[Task item] Skip the pictures, please, and write out exactly the lines from the opening of the data through the line containing "DIG with Bloomberg".
Information provided below:
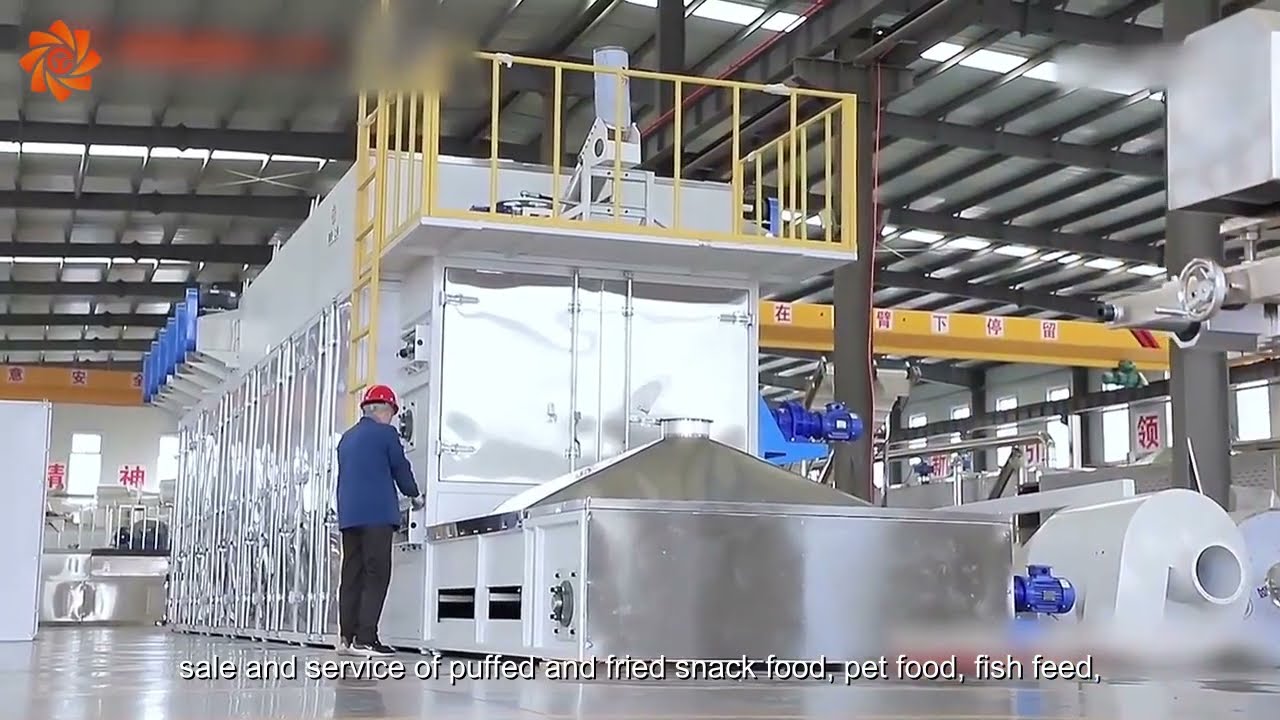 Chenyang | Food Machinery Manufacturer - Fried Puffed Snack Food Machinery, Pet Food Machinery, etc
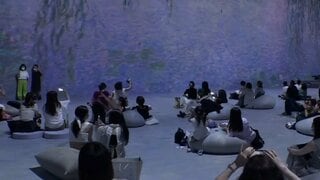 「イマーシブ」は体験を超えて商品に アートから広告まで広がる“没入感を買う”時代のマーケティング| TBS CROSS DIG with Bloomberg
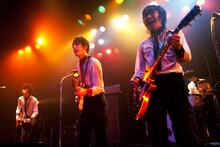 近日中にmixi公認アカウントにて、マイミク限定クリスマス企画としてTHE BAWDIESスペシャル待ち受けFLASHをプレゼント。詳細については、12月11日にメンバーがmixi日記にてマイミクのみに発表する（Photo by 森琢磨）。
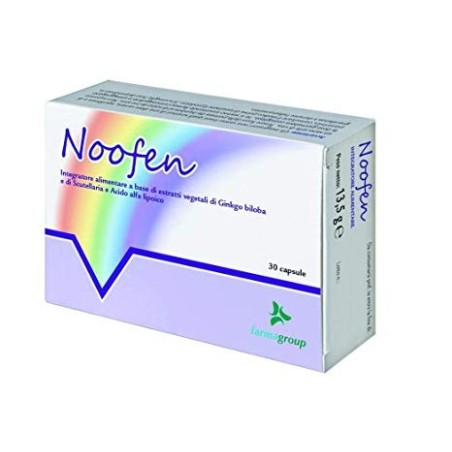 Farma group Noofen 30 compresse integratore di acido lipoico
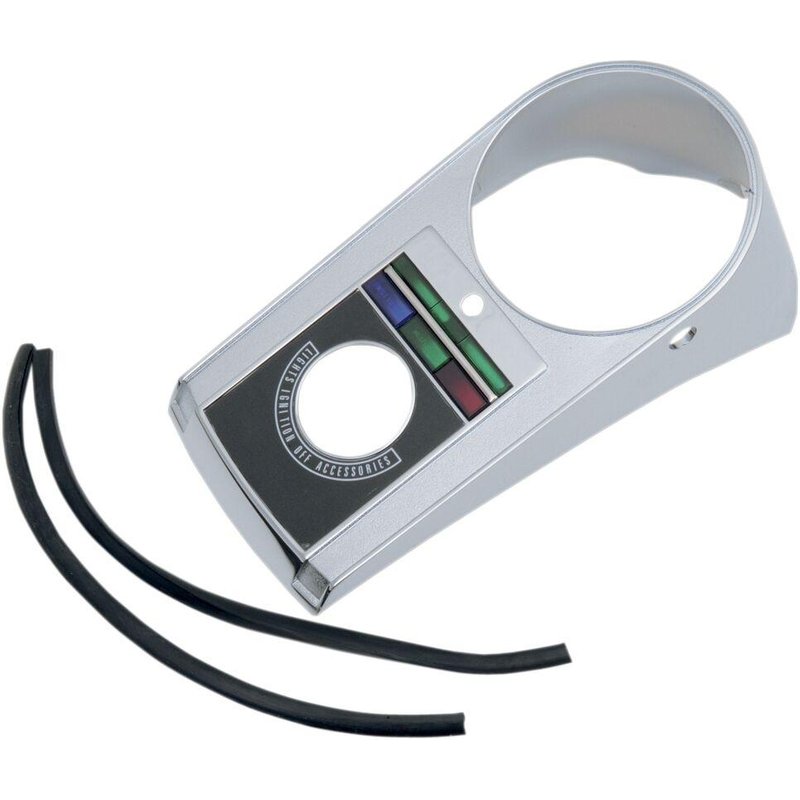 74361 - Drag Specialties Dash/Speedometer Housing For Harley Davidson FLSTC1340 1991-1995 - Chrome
End of Information provided.
[Answer space]
 Chenyang | Food Machinery Manufacturer - Fried Puffed Snack Food Machinery, Pet Food Machinery, etc
 「イマーシブ」は体験を超えて商品に アートから広告まで広がる“没入感を買う”時代のマーケティング| TBS CROSS DIG with Bloomberg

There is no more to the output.